• _Assignment_
Copy out the data below from the line containing "Zielarnia Suwalska - Mydło" to the line containing "Ανδρικό κοντό παντελόνι", both lines included, with all images left out.

• _Provided information_
☆ ☆ ☆ ☆ ☆ ☆ ☆

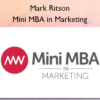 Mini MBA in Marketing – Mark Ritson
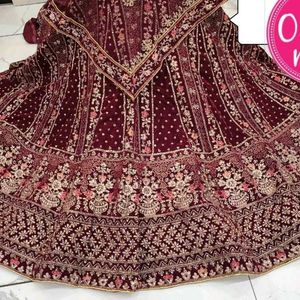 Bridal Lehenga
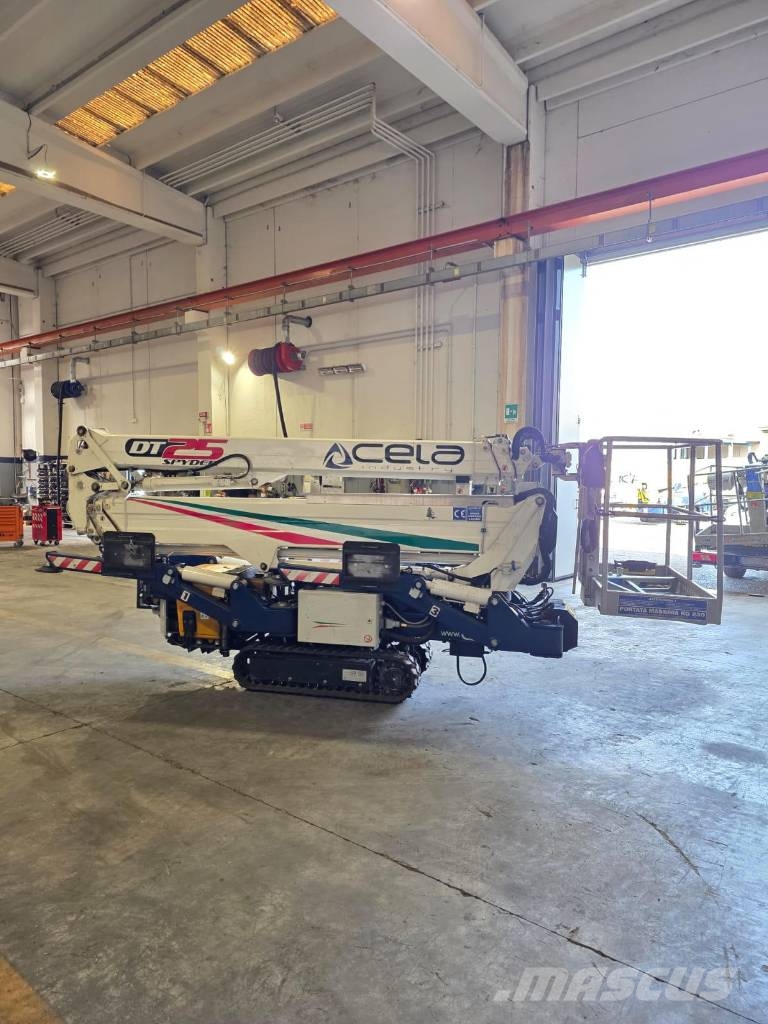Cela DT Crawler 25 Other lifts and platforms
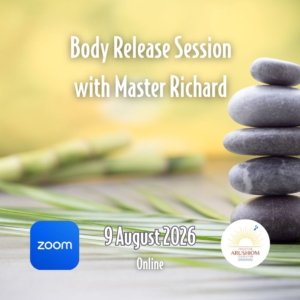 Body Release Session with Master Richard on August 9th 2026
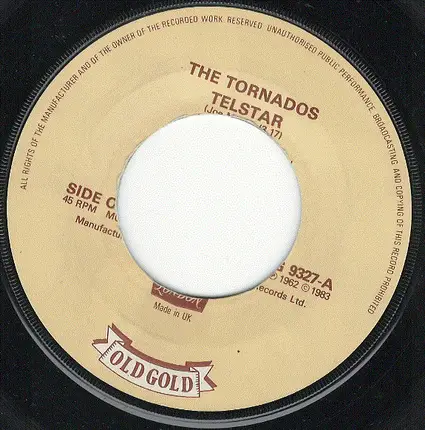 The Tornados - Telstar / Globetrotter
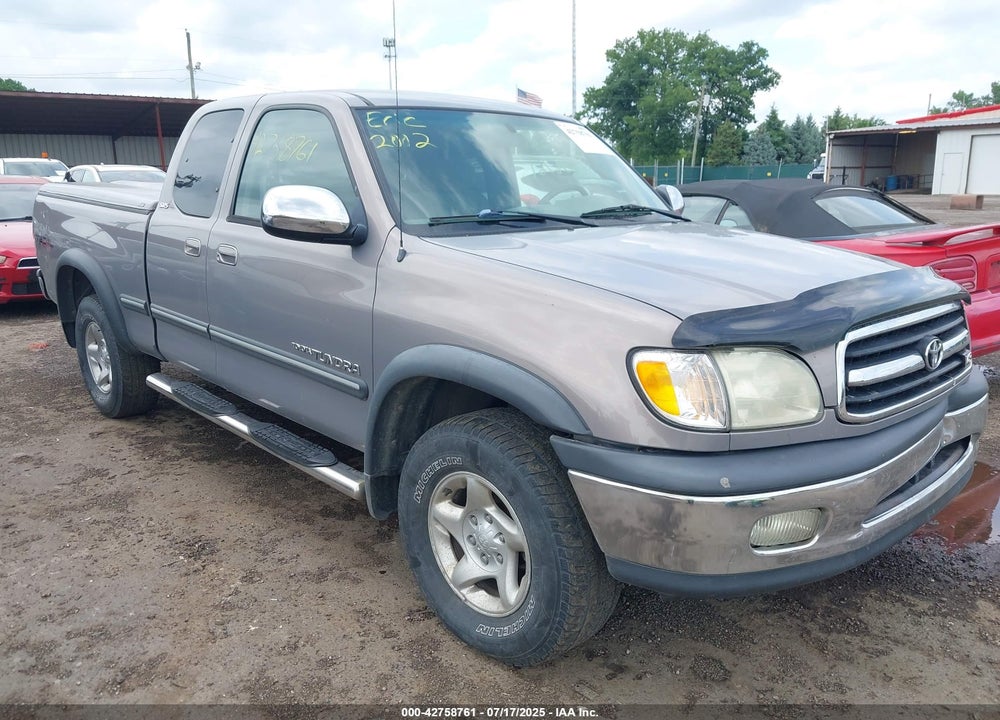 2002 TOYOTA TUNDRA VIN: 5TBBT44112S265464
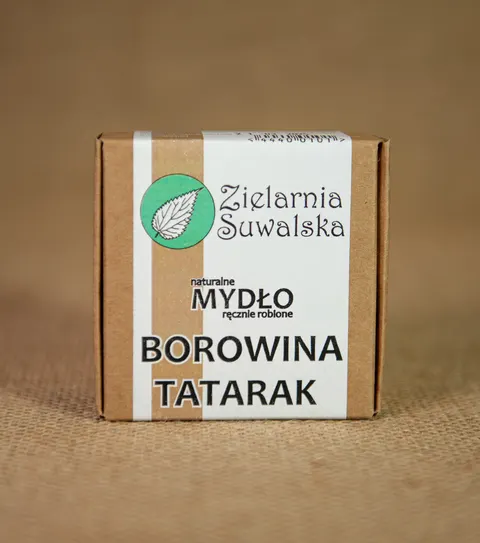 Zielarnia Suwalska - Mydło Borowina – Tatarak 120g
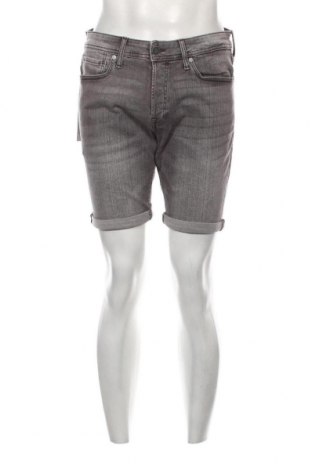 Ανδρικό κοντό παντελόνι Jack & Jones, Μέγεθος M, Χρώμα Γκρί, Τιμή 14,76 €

☆ ☆ ☆ ☆ ☆ ☆ ☆

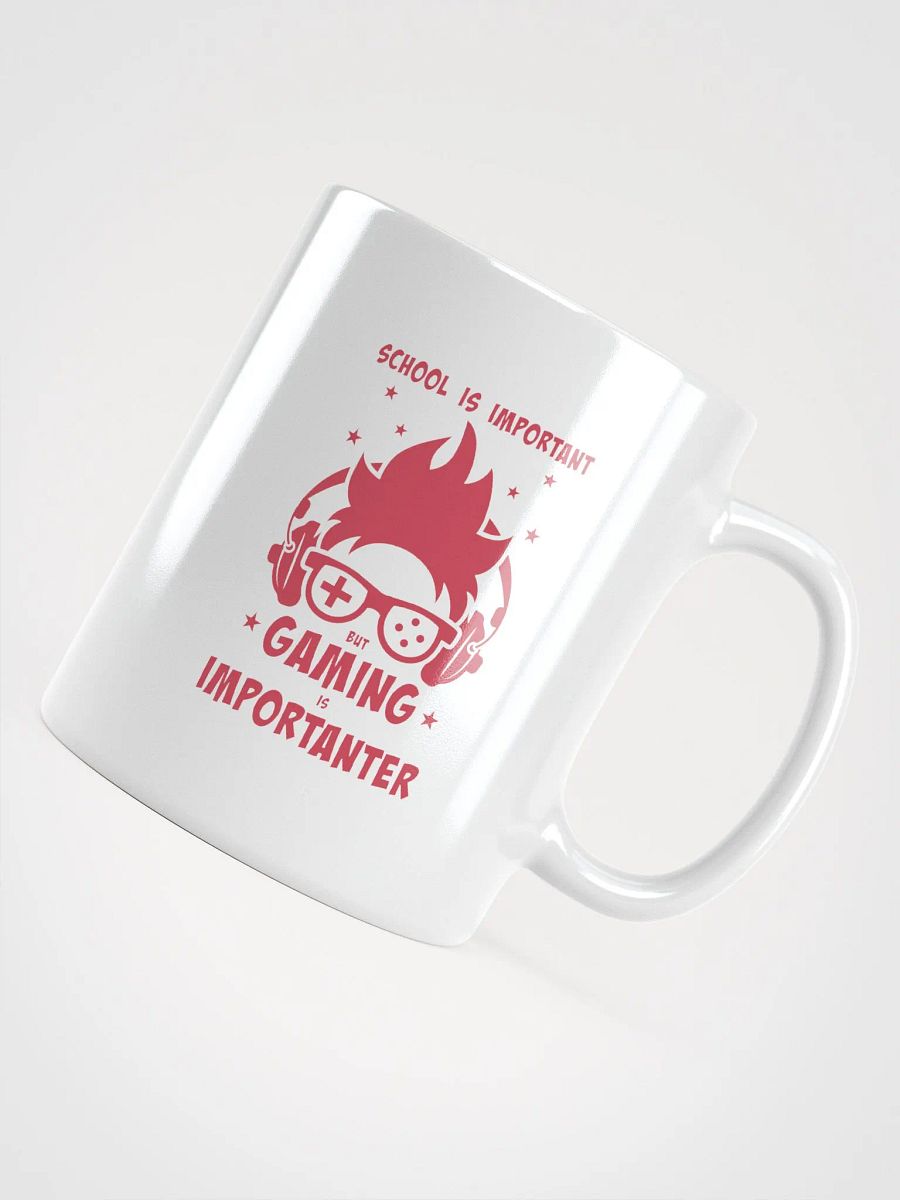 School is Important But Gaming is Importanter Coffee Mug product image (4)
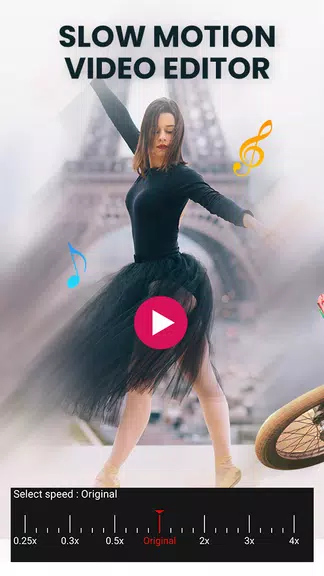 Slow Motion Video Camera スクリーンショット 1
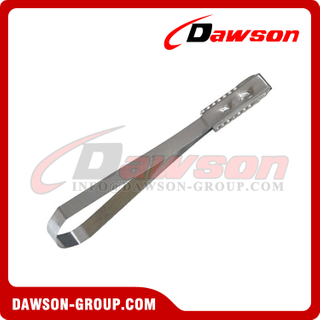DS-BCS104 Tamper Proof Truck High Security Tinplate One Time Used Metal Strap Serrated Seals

☆ ☆ ☆ ☆ ☆ ☆ ☆

• _Solution_
 Zielarnia Suwalska - Mydło Borowina – Tatarak 120g
 Ανδρικό κοντό παντελόνι Jack & Jones, Μέγεθος M, Χρώμα Γκρί, Τιμή 14,76 €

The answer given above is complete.